Monday, March 18, 2013

Everyone has a sad story. It doesn't excuse anything.

I've always been able to brush things off.  Everything.  At least, I've always been able to push things to the back of my mind and brood on it when I'm alone listening to the angry music I thought I gave up on long ago.    I've had my share of problems.  I've made my share of mistakes.  I've seen my share of curve balls.  Every single situation, I've dealt with and moved on in one way or another.  From bad breakups that cost me friendships to problems growing up without a real father figure to looking for attention in all the wrong ways.

I'm fucking 2+ years out from this stupid bone marrow transplant and it still defines almost EVERYTHING I do.  I just spent a weekend with 2 of my absolute best friends in the world and I had to sleep for the equivalent of an ENTIRE DAY just to regain my strength.  What did we do that was so taxing on my body?  Oh, just walked around a museum.  Went out to eat.  Argued baseball with strangers. In bed around midnight.  Crazy, right?  When is this going to end?  People tell me to revel in the small victories I have here or there but what?! How?  How can I do this when I expected so much more? How can I do this when I want so much more?
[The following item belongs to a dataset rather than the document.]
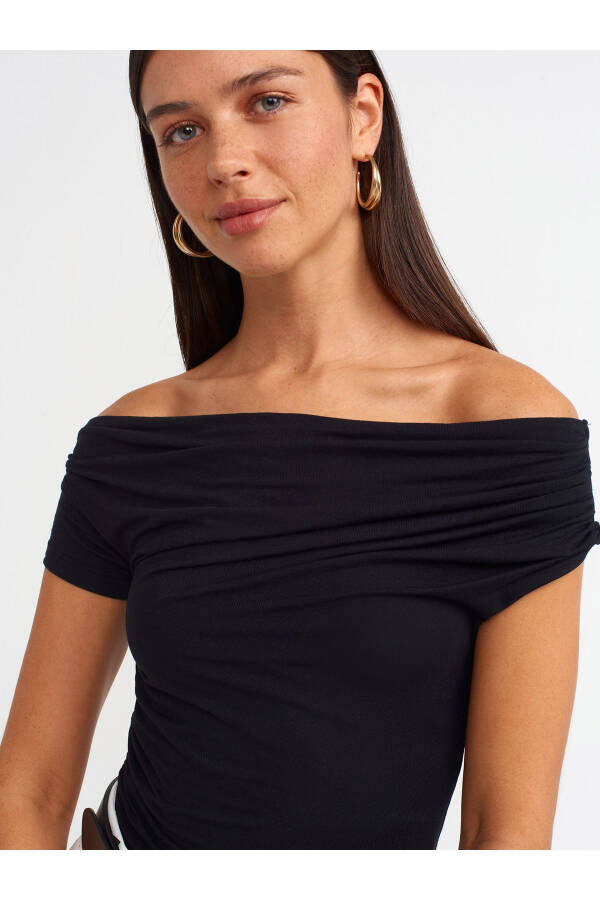 Asymmetric collar, solid black. - 8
Everyone tells me to compartmentalize, great advice.  Now try it.  Seriously.  Try and separate yourself from something that rules your life.  Imagine having a shitty job with an absolutely shitty commute that pays a great salary.  Is money going to fix the fact that at least 5 days a week you're in hell? If you were looking for another job, wouldn't those factors come into play?  The difference with me is that I don't have another choice.  This is all I got. My entire existence is ruled by this thing.  This decision everyone and I made a long time ago.  We all thought it would be over now.  We all thought I'd be back to me.  I'm told to "just realize I'm living a different impermanent existence".  To blame the disease and not myself.  You know what?  It's not that easy.  How long is impermanent impermanent?  This is going on TWO YEARS of issues.  TWO YEARS? If you stick a needle in someone's arm, at some point no matter what they're going to become an addict.

You know what's funny?  During this recent Presidential election season, we were bombarded with slogans demonizing so-called "takers" and societal "moothers".  When do I fall into this category?  What does the clock start ticking?  When do the whispers start among my family friends that I'm somehow milking this?  When does public opinion sour, if it hasn't already.  How fast do I have to run to get away from that?  How many pills much I swallow every day to avoid the jagged little pill of the inevitable backlash.  I see everyone's lives progressing without me and I hate it.  I hate it to the point where I decided I need a little break from social media.  Seeing everyone else be so happy without me can't be good for my psyche.  I don't know.  This is so difficult.

Maybe I'm just over exaggerating.  It's just so hard to live each day without feeling helpless and shame.  Unfortunately, I'm afraid this might never end and I'm not entirely sure how to deal with it.